The type of burrow discussed here is often the product of land that routinely undergoes the process of "controlled burning". This process helps hold down ground vegetation in sandy areas immediately around the burrow opening, and it promotes lush re-growth in adjacent foraging areas. These same controlled burns would kill other exposed wildlife if not for the gopher tortoise burrow, During controlled burns, and naturally occurring fires, small wildlife is often seen running toward the line of fire instead of away from it. This is because during a forest fire, many small wildlife species take emergency refuge in the gopher tortoise's burrow. Rabbits, opossum, raccoons, lizards, frogs, mice, crickets, carrion, chipmunks, squirrels and snakes, all share the burrow as emergency refuge, and emerge after the danger passes. Without these burrows, many small wildlife species would perish. Additionally, the gopher tortoise is largely responsible for perpetual distribution of many species of indigenous plant seeds, distributed in its droppings, making it one of the forests most prolific farmers.

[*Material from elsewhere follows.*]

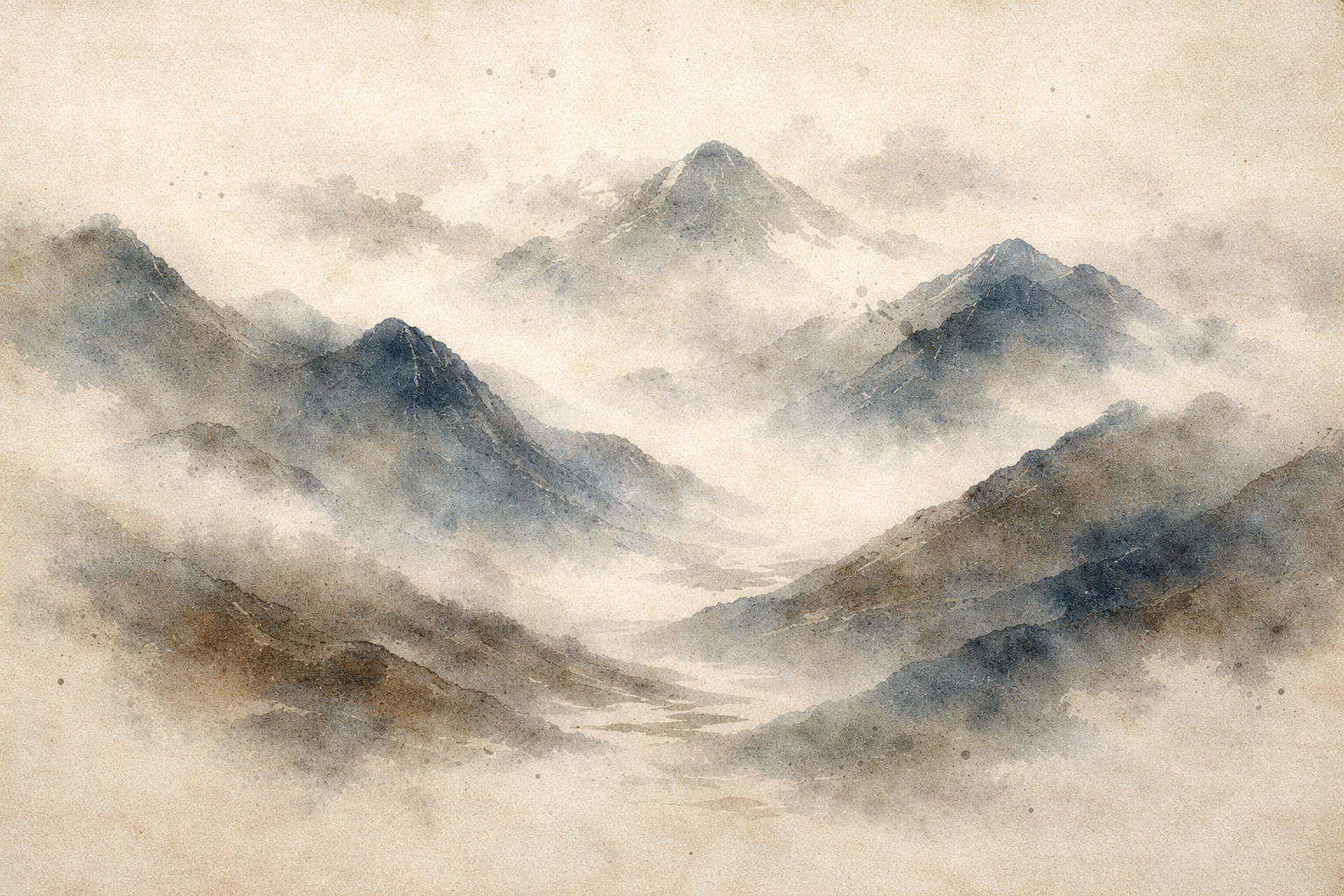 Misty mountain landscape in traditional East Asian style, symbolizing how Buddhism entered China and profoundly influenced Chinese philosophy, culture, and spiritual life.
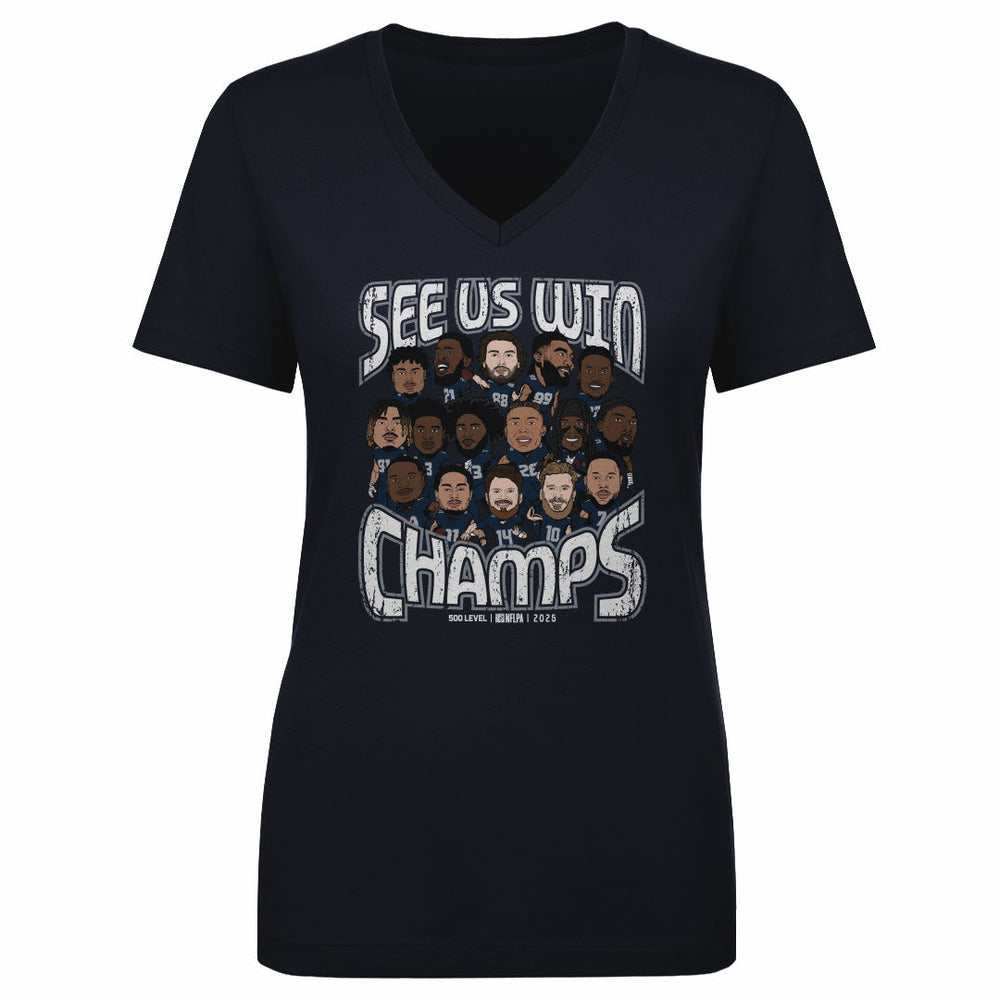 Seattle Football 2025 Champs Cartoon WHT (ONLINE ORDER ONLY)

Ample food supply is also critical. The gopher tortoise enjoys a diverse variety of indigenous grasses, plants, fruits, etc. They particularly enjoy seasonal fruits, peaches, plums, and even citrus. In Florida, typical gopher tortoise diet can consist of wild petunia, alligator weed, dandelions, daisies, ragweed, heliotrope, pigeon plums, wireweed, prickly pear cactus, pawpaws, gopher apples, muscadines, scuppernongs, persimmons, blackberries, gallberry, milkweed, saw palmetto, scrub palmetto, palm berries, Spanish moss, various low-growth mosses and airplants.
By far, the greatest current threat to the gopher tortoise is the loss of its habitat to new human development. In Florida, it is unlawful to harm this "protected" species. The law defines damage to the tortoises burrow as the same as damage to the animal itself. So, how can we coexist? There are several varying opinions on this. Some believe it best to mitigate the issue by limiting development to within twenty-five feet of an active burrow. Others believe that it is appropriate to relocate the animal elsewhere on the property being developed. This is often impractical because many of Florida's building lots are very small, particularly given the tortoises propensity to "home" back to its original burrow site. Still others believe that relocating the tortoises off-site, to a pre-approved and pre-prepared location offers the greatest results. Some pitfalls to the latter include, interference with existing colonies, inbreeding, gene pool, spread of disease, etc. So, what is the answer? We believe the answer lies in carefully considered use and/or combination of these three methods, on a case-by-case basis, always giving highest consideration to the well-being of the protected species, while maintaining realistic views about inevitable development.